> [TASK TO COMPLETE] Everything in the listing below should be repeated verbatim, apart from the pictures.

> [INPUT DATA]
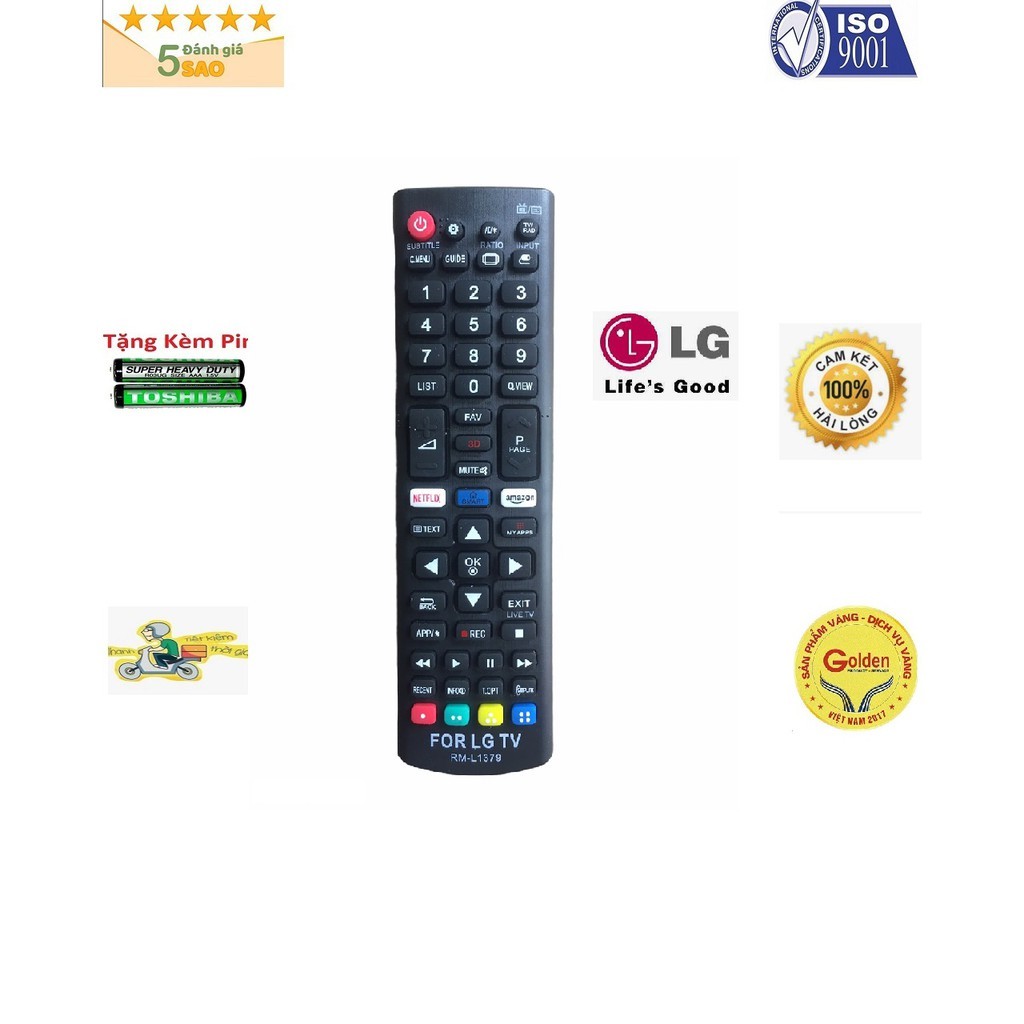 Điều Khiển TiVi LG RM - L1379 vào mạng internet ,Remote Điều Khiển TiVi LG ngắn RM-L1379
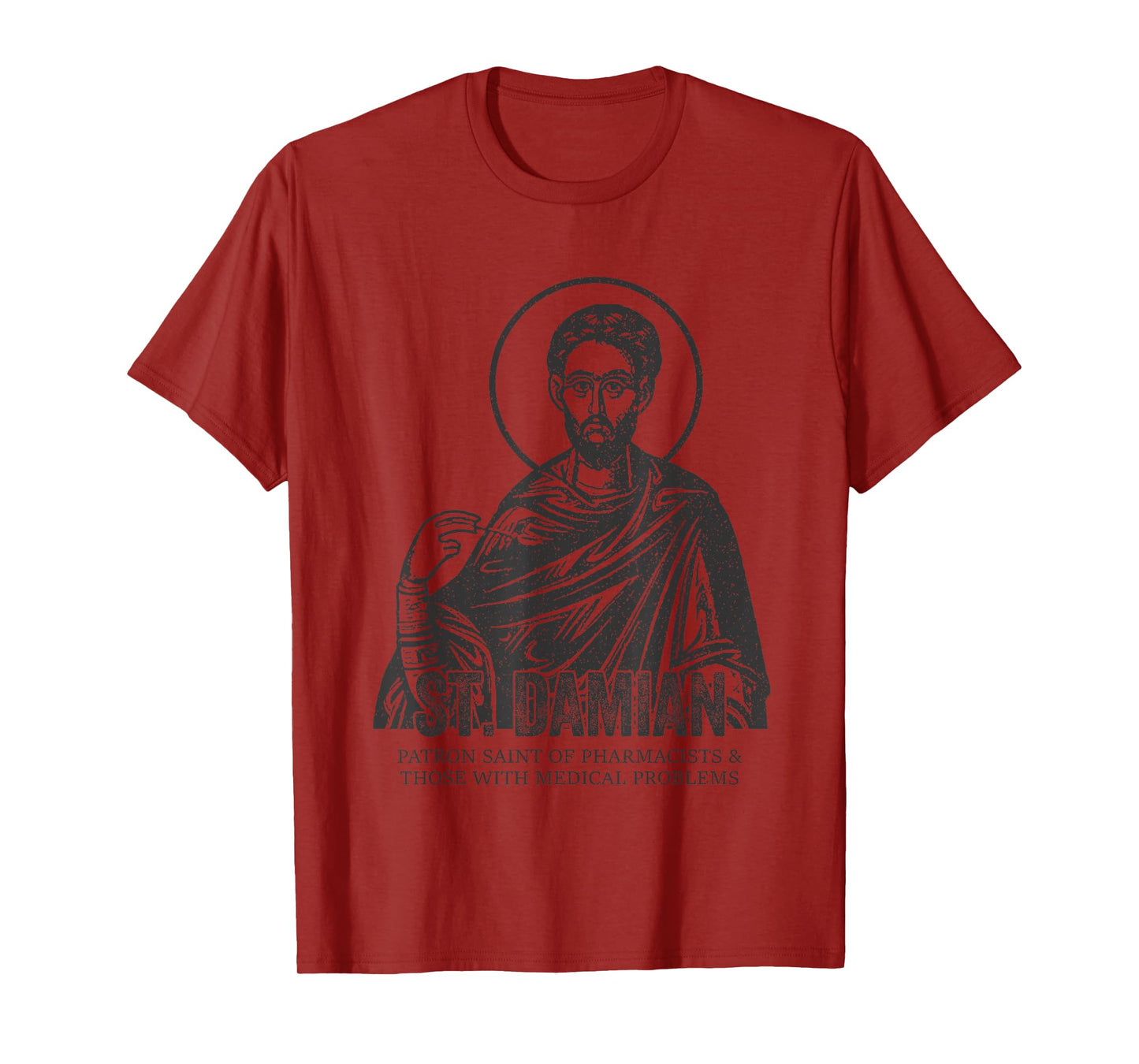 Catholicism St. Damian Jesus Catholic Christian Saint T-Shirt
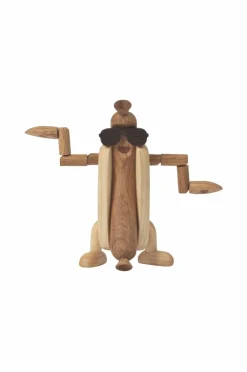 Spring Copenhagen Trædekoration Harry Hot Dog 11 cm Natur Sale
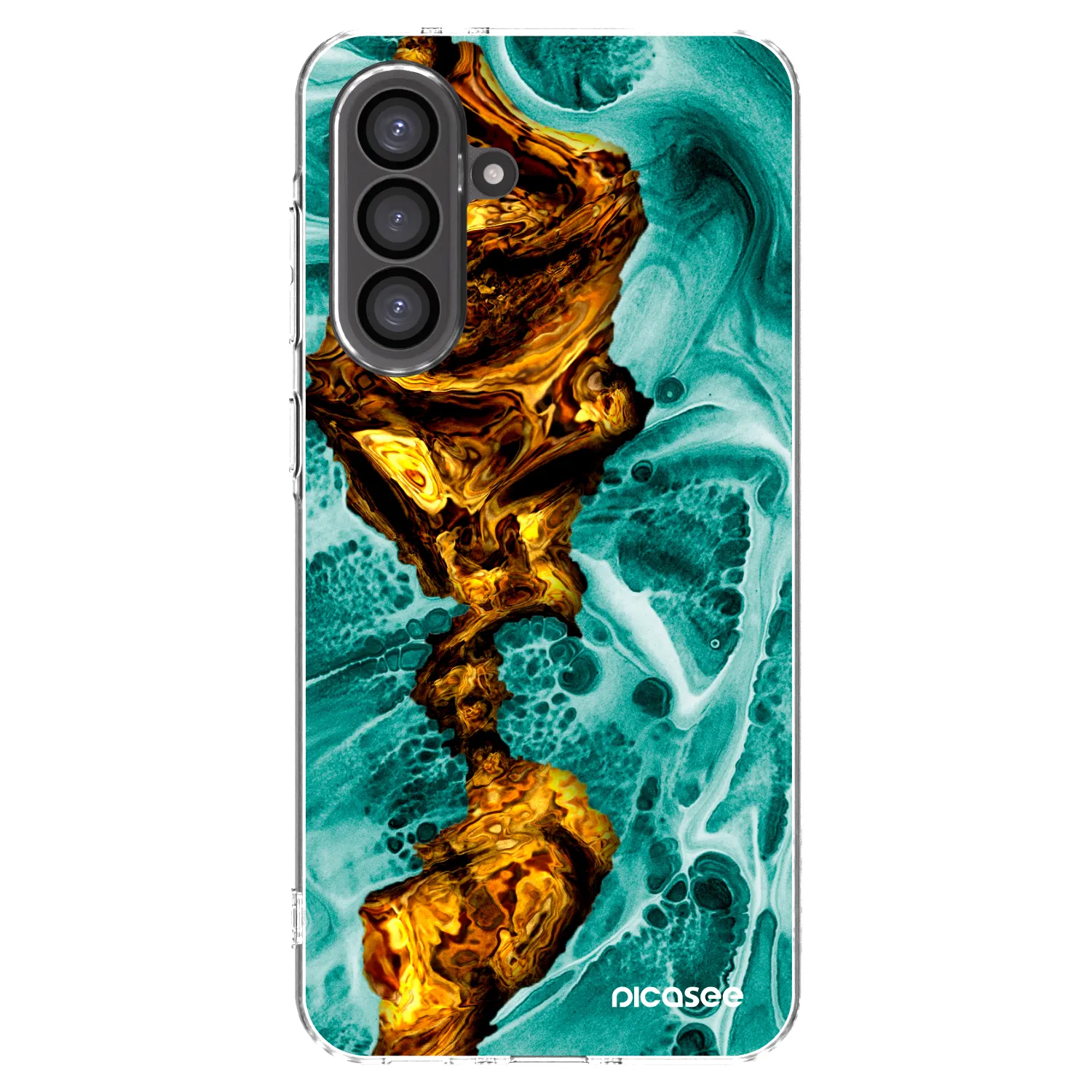 Picasee silikonový průhledný obal pro Samsung Galaxy A56 5G A566B - Goldsky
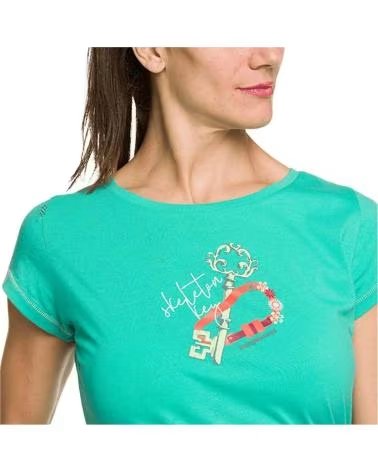 TRANGOWORLD TRANGOWORLD "VERDE" SHORT SLEEVE T-SHIRT WOMEN VERDE
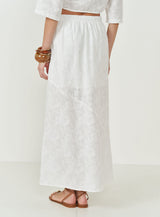 Joana Embroidered Midi Skirt Colcci
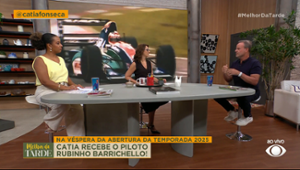 Catia Fonseca entrevista Rubinho Barrichello no Melhor da Tarde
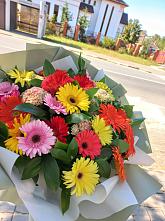Букет цветов из:  Герберы #REPLACE_PRED# Соликамске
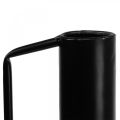 Floristik24 Decorative vase metal black handle decorative jug 14cm H28.5cm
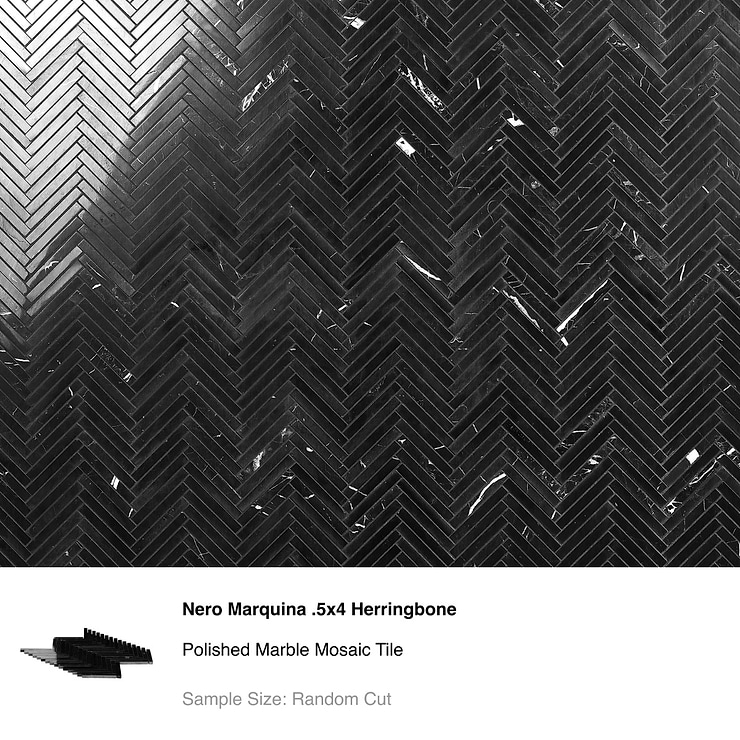 Top Selling Herringbone Tiles Sample Bundle (5)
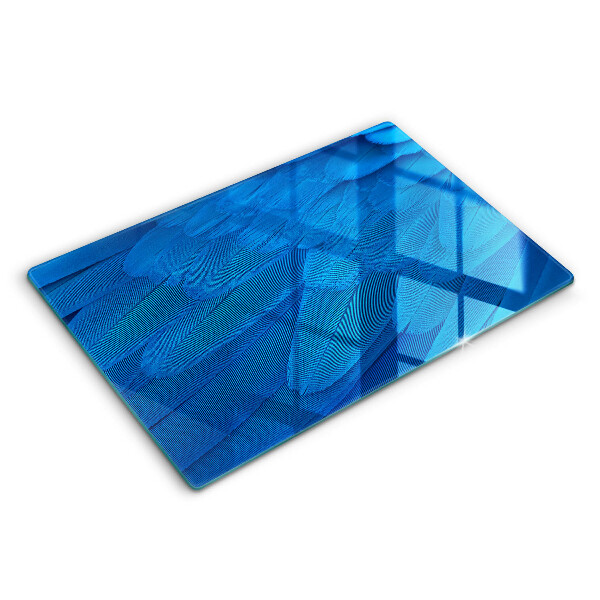 Skärbräda glas modern Fågelfjädrar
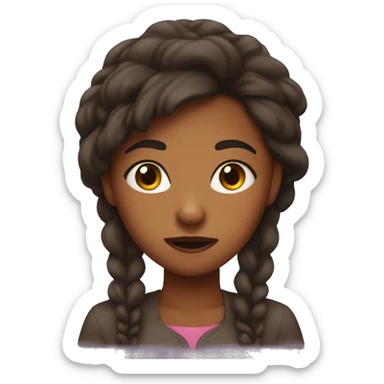brown girl mad sticker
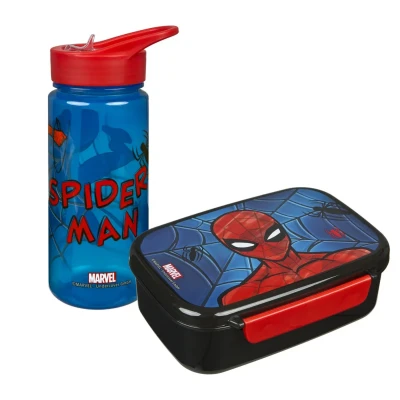 Afbeelding van Scooli Snackbox &amp; drinkfles set Spider Man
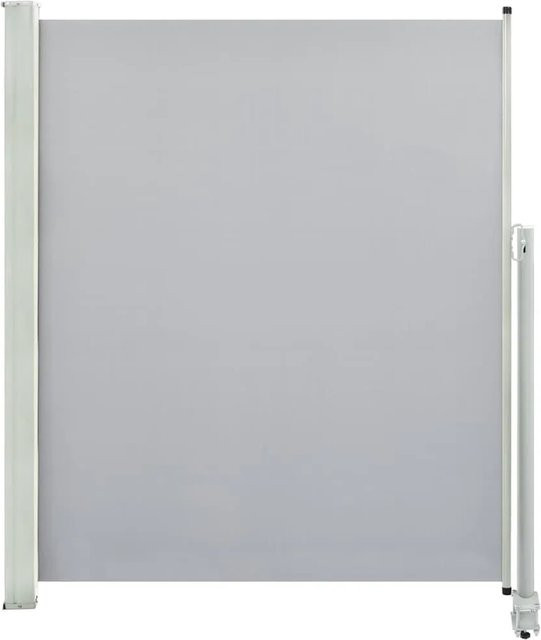 Furnicato Einziehbare Seitenmarkise aus Polyester in Grau, B/H: 300 x 160 cm - Bild 1
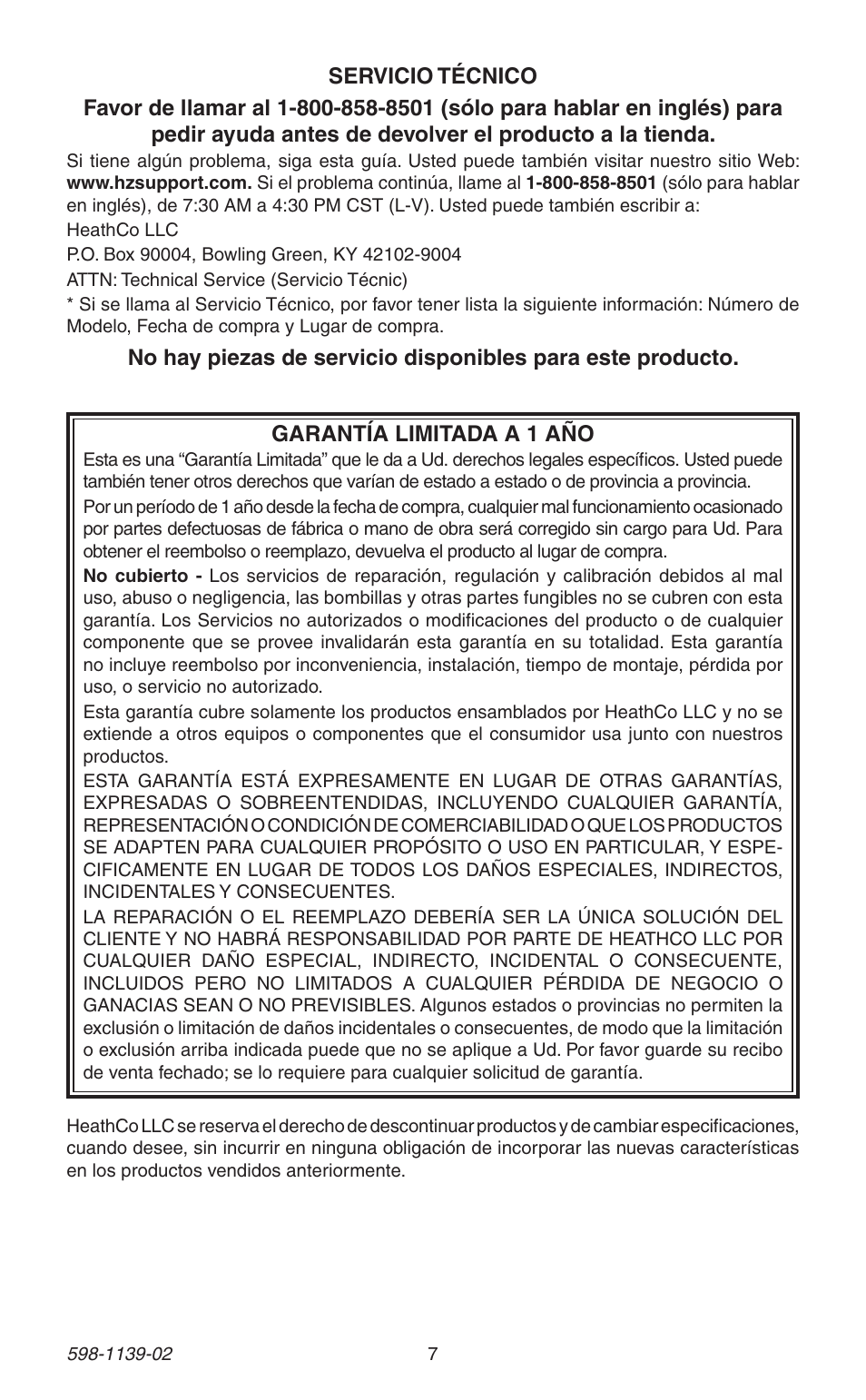 Heath Zenith 29 User Manual | Page 7 / 12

> [WRITTEN ANSWER]
 Điều Khiển TiVi LG RM - L1379 vào mạng internet ,Remote Điều Khiển TiVi LG ngắn RM-L1379
 Catholicism St. Damian Jesus Catholic Christian Saint T-Shirt
 Spring Copenhagen Trædekoration Harry Hot Dog 11 cm Natur Sale
 Picasee silikonový průhledný obal pro Samsung Galaxy A56 5G A566B - Goldsky
 TRANGOWORLD TRANGOWORLD "VERDE" SHORT SLEEVE T-SHIRT WOMEN VERDE
 Joana Embroidered Midi Skirt Colcci
 Catia Fonseca entrevista Rubinho Barrichello no Melhor da Tarde
Букет цветов из:  Герберы #REPLACE_PRED# Соликамске
 Floristik24 Decorative vase metal black handle decorative jug 14cm H28.5cm
 Top Selling Herringbone Tiles Sample Bundle (5)
 Skärbräda glas modern Fågelfjädrar
brown girl mad sticker
 Afbeelding van Scooli Snackbox &amp; drinkfles set Spider Man
 Furnicato Einziehbare Seitenmarkise aus Polyester in Grau, B/H: 300 x 160 cm - Bild 1
 Heath Zenith 29 User Manual | Page 7 / 12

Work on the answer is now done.